The scope of the claims

[1] Cultivation of a coryneform bacterium modified so that serine / threonine phosphatase activity is enhanced and imparted with the ability to produce the target protein, and recovering the secreted target protein A method for producing a target protein.

[2] The method of claim 1, wherein the serine / threonine phosphatase is encoded by pstP.

[3] The method according to claim 1, which is enhanced by increased expression of serine / threonine phosphatase activity pstP.

[4] The method according to claim 1, wherein the serine / threonine phosphatase activity is enhanced by an increase in the copy number of pstP.

[5] The method according to claim 1, wherein the serine / threonine phosphatase activity is enhanced by modifying an expression control region of pstP.

6. The target protein according to any one of claims 1 to 5, wherein the target protein is a protein selected from the group consisting of transglutaminase, plotting glutaminase, interferon, interleukin, insulin, IGF-1 and peptide synthase. the method of.

[7] The method according to any one of [6] to [6], wherein pstP is a gene derived from a coryneform bacterium modified so that serine / threonine phosphatase activity is enhanced.
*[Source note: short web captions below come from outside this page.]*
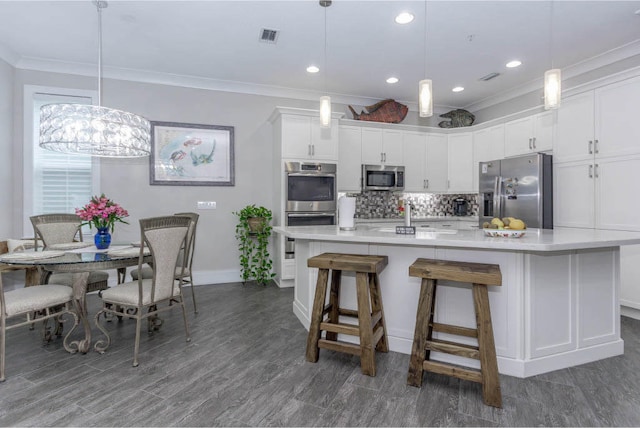 kitchen featuring ornamental molding, appliances with stainless steel finishes, white cabinets, and tasteful backsplash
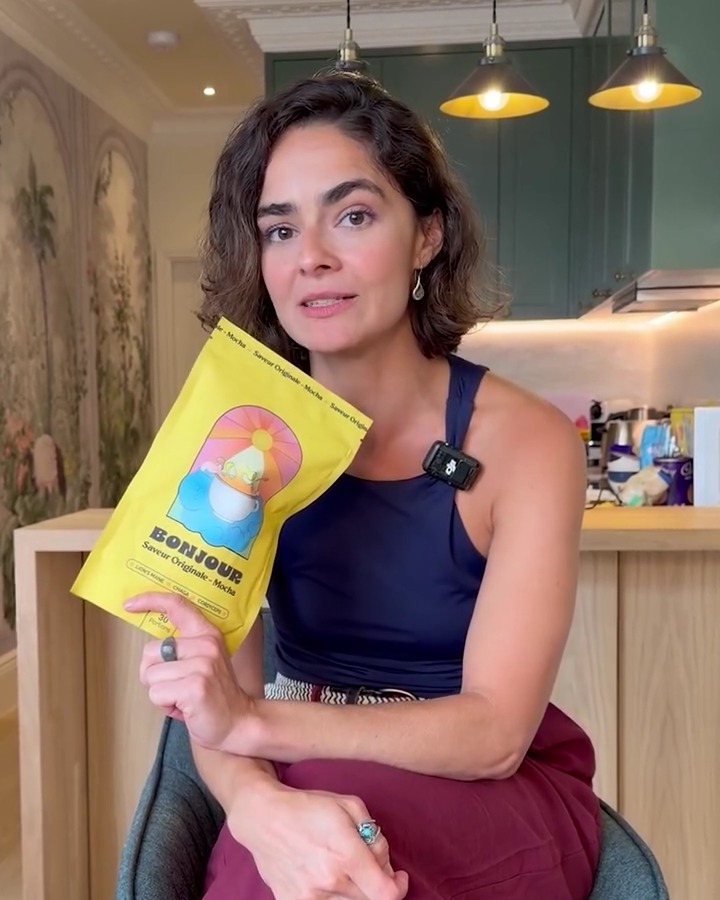 Bonjour co-founder holding a yellow Bonjour pouch in a home kitchen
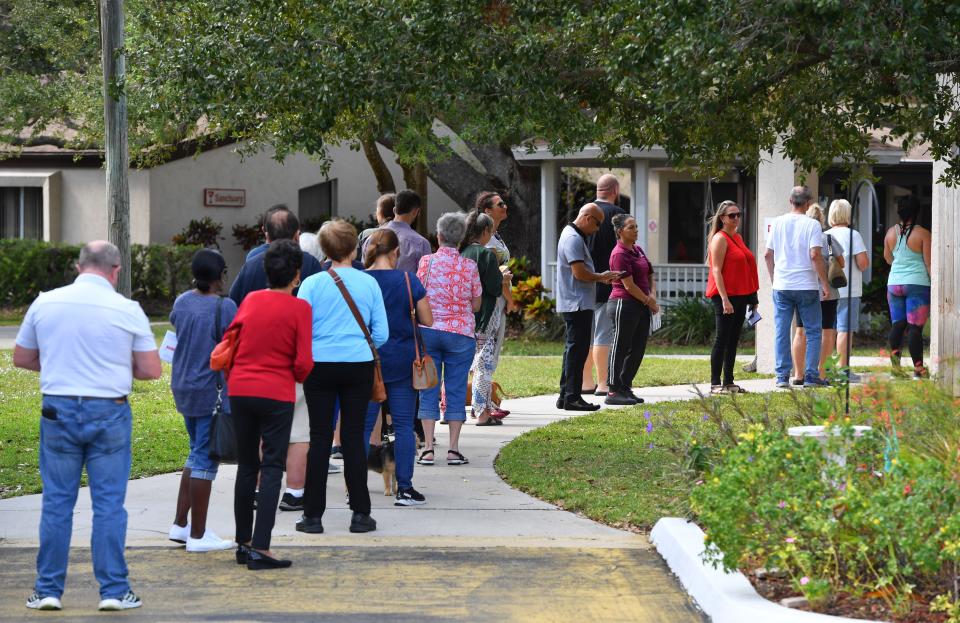 Voters wait in line to vote Tuesday afternoon, Nov. 8, 2022 the polling place at Beneva Christian Church in Sarasota, Florida.  Shortly after lunch, the wait to vote was about 20 minutes. 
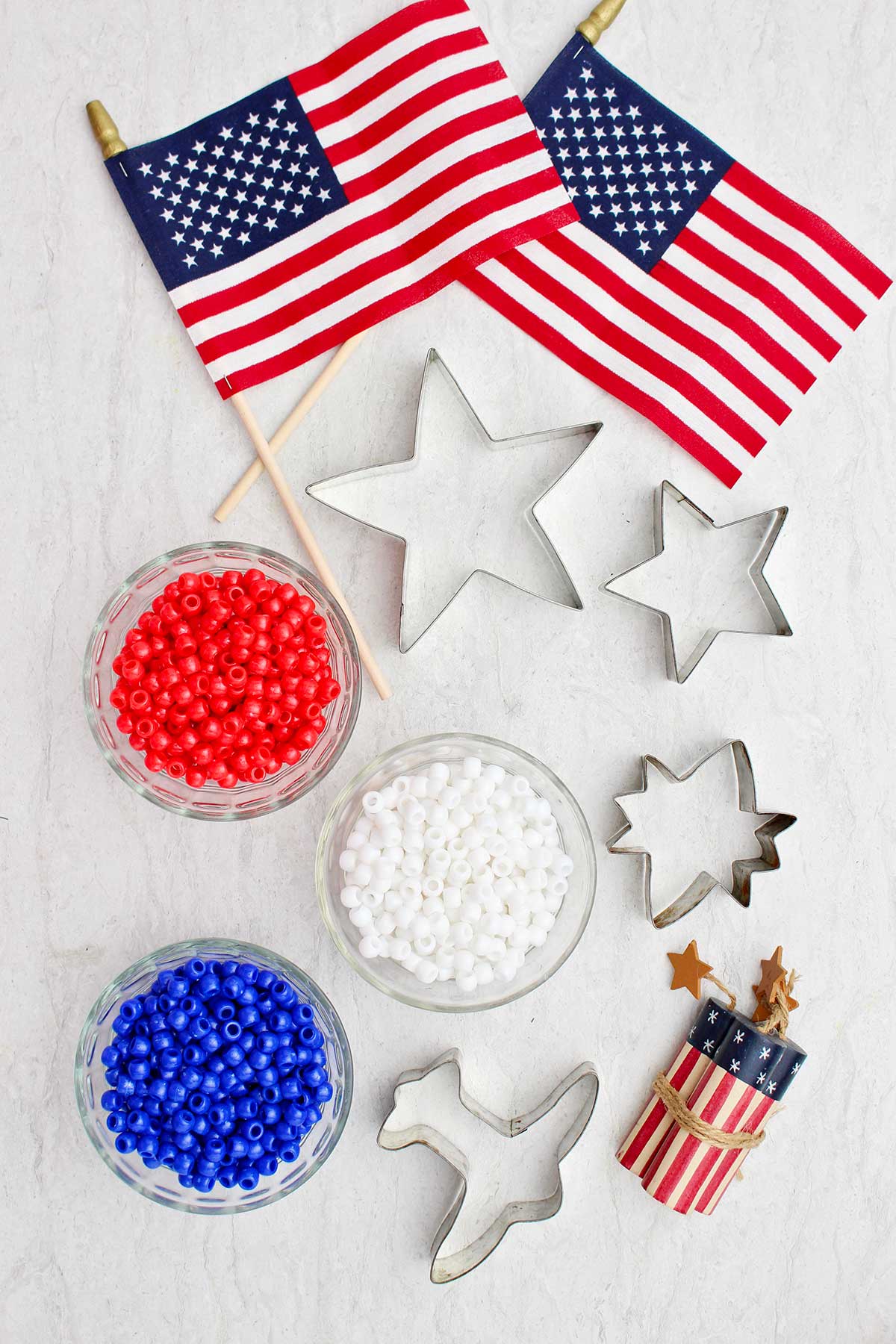 Três tigelas com pérolas vermelhas, brancas e azuis, cortadores de biscoito e decorações da bandeira americana.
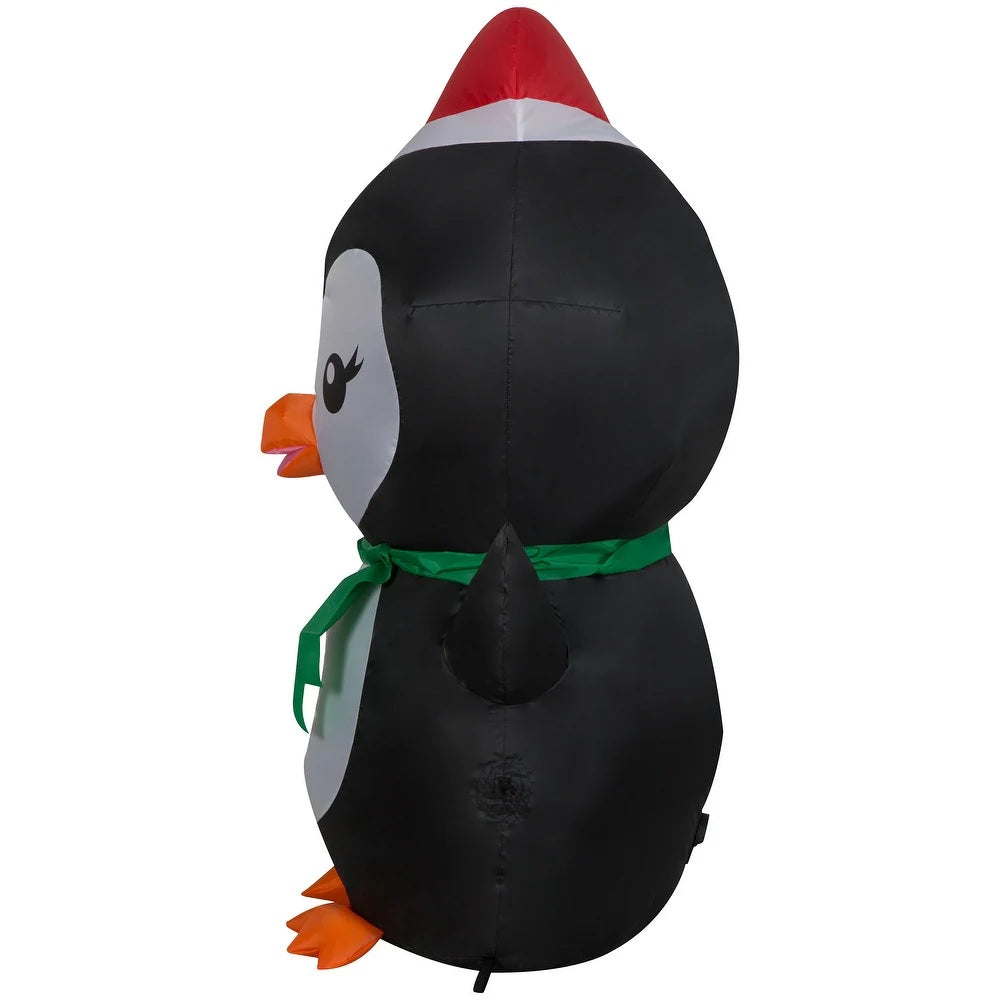 Christmas inflatable designed to look like a cute penguin wearing a Santa hat and a green scarf.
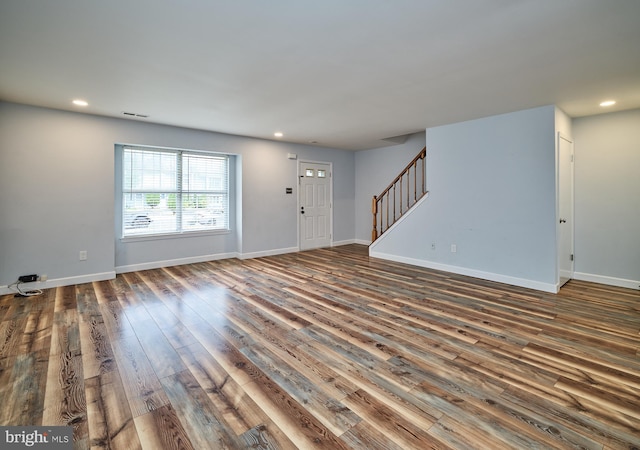 unfurnished living room featuring dark wood-type flooring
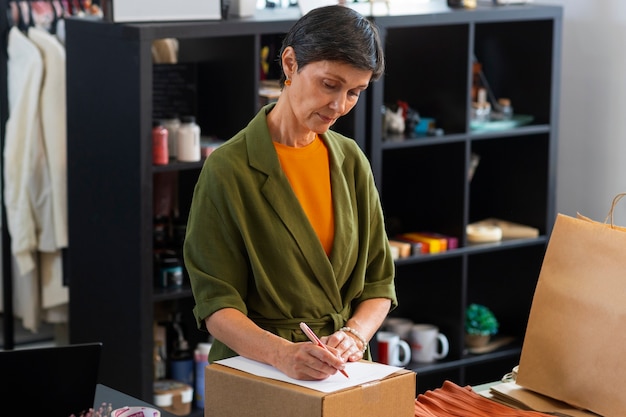 Donna del colpo medio che ripara articoli di moda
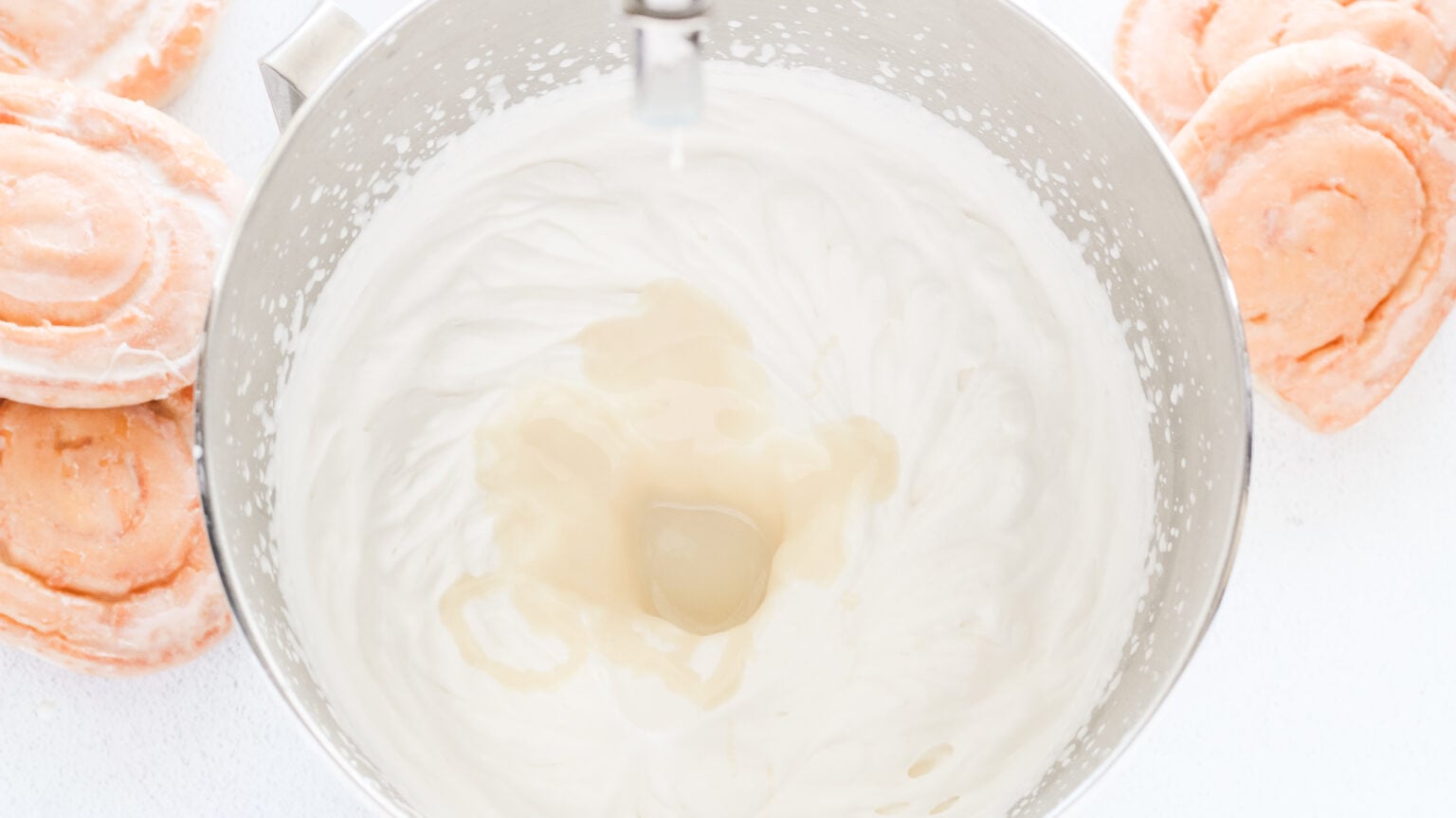 whipped cream in mixing bowl with sweetened condensed milk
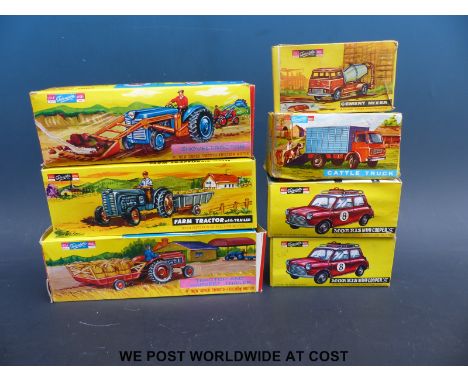 Seven Telsalda scale model friction toys, comprising Farm Tractor with Trailer, Shovel Tractor, Tractor and Harvest Trailer, 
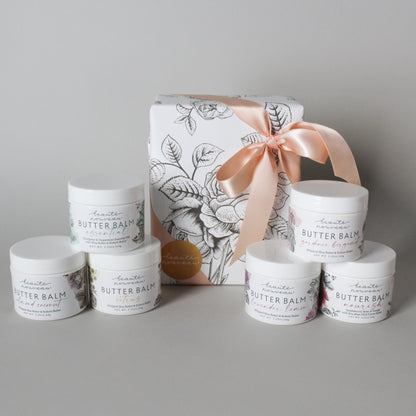 size petite butter balms in white plastic jars with floral labels and a beautifully wrapped package with pink ribbon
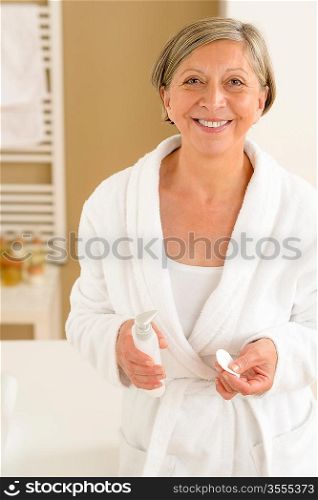 Senior woman wear bathrobe standing in bathroom with hygiene products
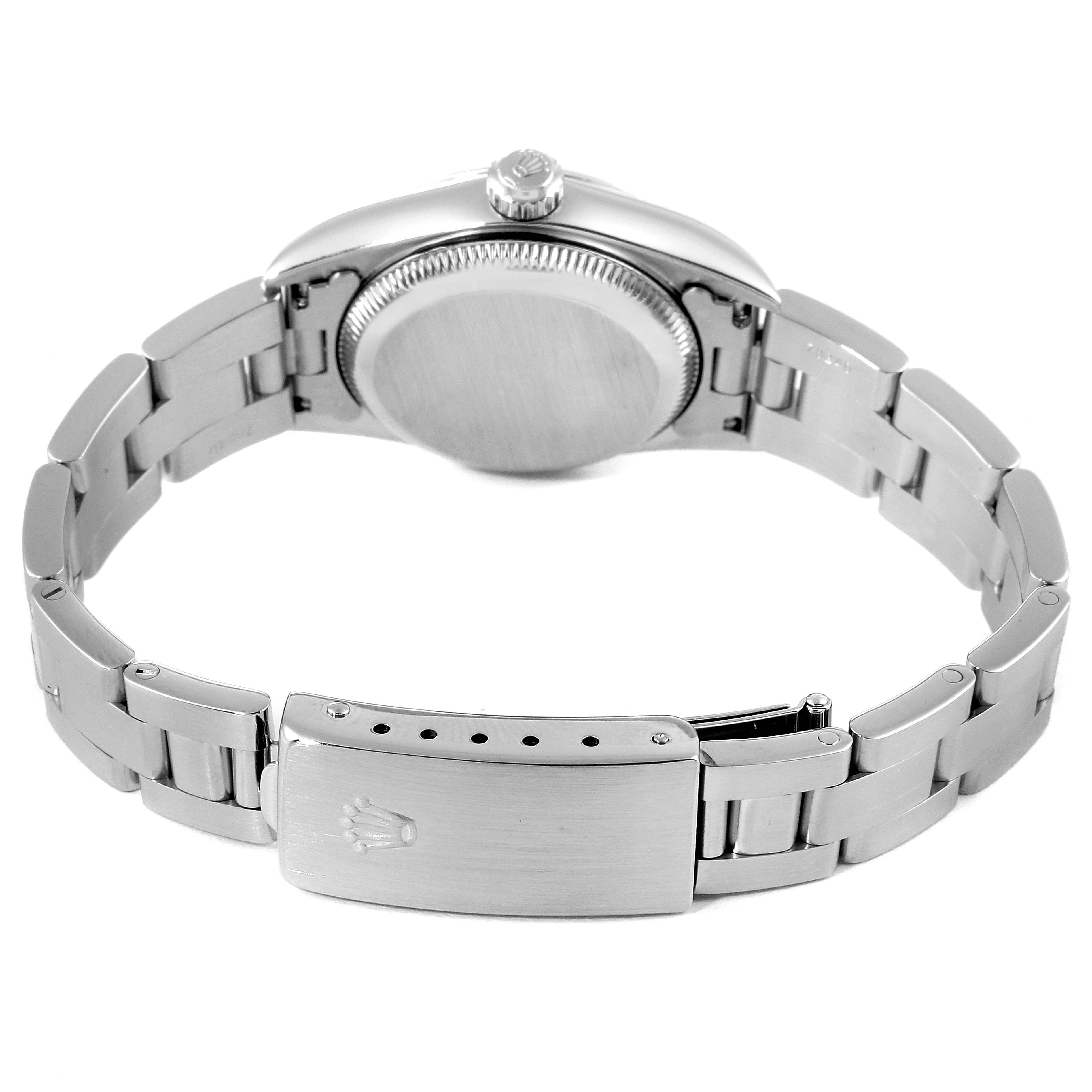 The image shows the back view of a Rolex Oyster Perpetual 76080 Women's Stainless Steel Pink Dial 76080 Women's Stainless Steel Pink Dial watch, focusing on the case back and the bracelet clasp with the Rolex logo.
[8] The pstP is a gene encoding a protein having an amino acid sequence having at least 70% homology with the sequence of SEQ ID NO: 2 or 4, and having a serine / threonine phosphatase activity: The method according to any one of the above.

[9] The method according to any one of claims 1 to 6, wherein pstP has a sequence of a nucleic acid molecule that hybridizes under stringent conditions with a nucleic acid molecule having the sequence of SEQ ID NO: 1 or 3.